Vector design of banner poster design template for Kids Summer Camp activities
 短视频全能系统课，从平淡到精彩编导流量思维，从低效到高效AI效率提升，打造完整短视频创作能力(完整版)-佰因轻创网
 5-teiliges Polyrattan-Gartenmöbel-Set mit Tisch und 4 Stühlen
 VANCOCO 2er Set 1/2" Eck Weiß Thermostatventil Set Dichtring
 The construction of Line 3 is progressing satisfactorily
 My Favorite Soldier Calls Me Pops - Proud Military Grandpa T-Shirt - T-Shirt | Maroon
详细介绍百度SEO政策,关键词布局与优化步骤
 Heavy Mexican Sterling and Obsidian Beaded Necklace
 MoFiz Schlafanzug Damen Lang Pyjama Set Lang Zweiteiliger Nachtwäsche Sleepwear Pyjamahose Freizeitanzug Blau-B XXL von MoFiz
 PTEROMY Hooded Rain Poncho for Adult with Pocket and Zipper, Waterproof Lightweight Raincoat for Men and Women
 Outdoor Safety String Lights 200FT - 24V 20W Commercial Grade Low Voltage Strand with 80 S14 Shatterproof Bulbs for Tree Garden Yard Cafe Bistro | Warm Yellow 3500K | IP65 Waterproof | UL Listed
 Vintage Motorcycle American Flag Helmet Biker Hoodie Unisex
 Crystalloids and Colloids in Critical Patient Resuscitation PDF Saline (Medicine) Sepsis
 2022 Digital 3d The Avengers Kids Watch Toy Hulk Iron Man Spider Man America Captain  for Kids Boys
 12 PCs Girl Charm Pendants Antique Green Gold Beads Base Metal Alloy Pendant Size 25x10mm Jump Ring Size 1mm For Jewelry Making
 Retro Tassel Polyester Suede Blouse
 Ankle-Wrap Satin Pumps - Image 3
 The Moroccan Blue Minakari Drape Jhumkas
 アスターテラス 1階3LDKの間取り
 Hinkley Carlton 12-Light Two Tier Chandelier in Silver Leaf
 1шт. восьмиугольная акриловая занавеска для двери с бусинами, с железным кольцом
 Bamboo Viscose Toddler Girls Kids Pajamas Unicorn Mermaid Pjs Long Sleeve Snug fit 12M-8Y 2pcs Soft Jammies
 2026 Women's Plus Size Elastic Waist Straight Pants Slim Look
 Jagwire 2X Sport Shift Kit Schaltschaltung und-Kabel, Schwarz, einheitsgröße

· · · · ·

● Exercise
Read the entries above and find each line holding the word "Women". Copy it out.

● Task output
 PTEROMY Hooded Rain Poncho for Adult with Pocket and Zipper, Waterproof Lightweight Raincoat for Men and Women
 2026 Women's Plus Size Elastic Waist Straight Pants Slim Look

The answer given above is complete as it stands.